> Assignment
A verbatim transcript of the lines below, starting at the first and ending with the one that holds "Premium Leather Jewelry", is what should be produced.

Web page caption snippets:
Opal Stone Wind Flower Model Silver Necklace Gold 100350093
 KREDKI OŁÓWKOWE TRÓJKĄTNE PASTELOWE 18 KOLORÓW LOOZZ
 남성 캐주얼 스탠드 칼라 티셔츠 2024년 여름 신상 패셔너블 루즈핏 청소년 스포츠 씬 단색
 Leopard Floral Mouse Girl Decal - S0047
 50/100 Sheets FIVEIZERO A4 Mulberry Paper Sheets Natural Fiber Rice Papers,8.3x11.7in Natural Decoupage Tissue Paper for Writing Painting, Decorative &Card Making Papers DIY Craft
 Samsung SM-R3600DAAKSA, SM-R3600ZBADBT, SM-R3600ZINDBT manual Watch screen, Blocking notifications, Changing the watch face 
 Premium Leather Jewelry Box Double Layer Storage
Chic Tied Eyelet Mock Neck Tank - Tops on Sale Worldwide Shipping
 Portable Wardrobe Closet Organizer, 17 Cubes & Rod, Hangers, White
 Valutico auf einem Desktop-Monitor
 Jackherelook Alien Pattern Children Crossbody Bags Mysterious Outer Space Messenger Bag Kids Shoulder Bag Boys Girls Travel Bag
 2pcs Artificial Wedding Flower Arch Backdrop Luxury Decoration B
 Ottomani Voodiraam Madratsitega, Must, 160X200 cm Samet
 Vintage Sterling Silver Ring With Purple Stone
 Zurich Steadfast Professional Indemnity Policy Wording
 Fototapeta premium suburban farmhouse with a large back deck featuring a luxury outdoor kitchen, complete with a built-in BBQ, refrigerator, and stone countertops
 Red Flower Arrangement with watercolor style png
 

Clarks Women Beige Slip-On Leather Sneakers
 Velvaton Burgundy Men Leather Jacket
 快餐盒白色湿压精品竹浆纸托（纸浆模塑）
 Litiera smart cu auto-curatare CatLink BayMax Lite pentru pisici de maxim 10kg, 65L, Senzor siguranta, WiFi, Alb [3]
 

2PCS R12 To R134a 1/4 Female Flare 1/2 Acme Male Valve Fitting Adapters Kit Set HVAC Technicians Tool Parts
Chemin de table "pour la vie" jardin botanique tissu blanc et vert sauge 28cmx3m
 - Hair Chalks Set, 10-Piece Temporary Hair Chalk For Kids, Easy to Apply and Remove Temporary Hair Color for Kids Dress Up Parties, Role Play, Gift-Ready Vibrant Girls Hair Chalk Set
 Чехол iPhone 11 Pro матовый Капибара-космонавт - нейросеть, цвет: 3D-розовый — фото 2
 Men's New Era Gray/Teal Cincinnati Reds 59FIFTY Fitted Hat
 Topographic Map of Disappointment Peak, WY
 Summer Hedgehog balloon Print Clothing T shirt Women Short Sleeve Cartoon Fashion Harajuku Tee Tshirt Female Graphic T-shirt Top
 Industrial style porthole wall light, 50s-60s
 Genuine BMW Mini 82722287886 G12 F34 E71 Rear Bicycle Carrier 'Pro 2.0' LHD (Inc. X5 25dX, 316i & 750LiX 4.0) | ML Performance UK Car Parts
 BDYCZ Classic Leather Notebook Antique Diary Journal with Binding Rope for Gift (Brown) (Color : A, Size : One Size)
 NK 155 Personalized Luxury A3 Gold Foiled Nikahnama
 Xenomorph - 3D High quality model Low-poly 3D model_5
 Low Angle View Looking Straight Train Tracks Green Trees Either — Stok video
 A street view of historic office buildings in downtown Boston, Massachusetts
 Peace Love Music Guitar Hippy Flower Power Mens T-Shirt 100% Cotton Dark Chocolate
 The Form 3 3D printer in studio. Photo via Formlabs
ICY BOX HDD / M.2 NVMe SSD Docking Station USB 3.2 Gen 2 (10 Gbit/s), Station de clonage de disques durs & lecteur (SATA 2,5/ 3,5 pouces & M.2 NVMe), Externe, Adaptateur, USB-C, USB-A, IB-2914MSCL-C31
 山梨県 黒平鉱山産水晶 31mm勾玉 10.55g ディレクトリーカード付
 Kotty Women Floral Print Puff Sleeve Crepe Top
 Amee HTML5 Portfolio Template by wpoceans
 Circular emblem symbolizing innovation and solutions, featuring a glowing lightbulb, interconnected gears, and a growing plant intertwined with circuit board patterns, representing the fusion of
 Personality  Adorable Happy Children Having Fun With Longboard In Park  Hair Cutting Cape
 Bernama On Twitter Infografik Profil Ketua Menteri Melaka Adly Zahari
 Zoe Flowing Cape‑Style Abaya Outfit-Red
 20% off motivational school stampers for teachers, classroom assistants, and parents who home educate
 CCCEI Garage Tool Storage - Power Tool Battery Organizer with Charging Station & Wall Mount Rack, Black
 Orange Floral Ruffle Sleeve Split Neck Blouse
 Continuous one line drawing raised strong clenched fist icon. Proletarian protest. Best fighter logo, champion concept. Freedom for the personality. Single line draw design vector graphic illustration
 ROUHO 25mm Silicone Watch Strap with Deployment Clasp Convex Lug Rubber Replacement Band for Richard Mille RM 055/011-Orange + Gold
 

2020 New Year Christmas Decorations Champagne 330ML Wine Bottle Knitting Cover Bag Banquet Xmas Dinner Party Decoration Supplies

> Reply to the exercise
Opal Stone Wind Flower Model Silver Necklace Gold 100350093
 KREDKI OŁÓWKOWE TRÓJKĄTNE PASTELOWE 18 KOLORÓW LOOZZ
 남성 캐주얼 스탠드 칼라 티셔츠 2024년 여름 신상 패셔너블 루즈핏 청소년 스포츠 씬 단색
 Leopard Floral Mouse Girl Decal - S0047
 50/100 Sheets FIVEIZERO A4 Mulberry Paper Sheets Natural Fiber Rice Papers,8.3x11.7in Natural Decoupage Tissue Paper for Writing Painting, Decorative &Card Making Papers DIY Craft
 Samsung SM-R3600DAAKSA, SM-R3600ZBADBT, SM-R3600ZINDBT manual Watch screen, Blocking notifications, Changing the watch face 
 Premium Leather Jewelry Box Double Layer Storage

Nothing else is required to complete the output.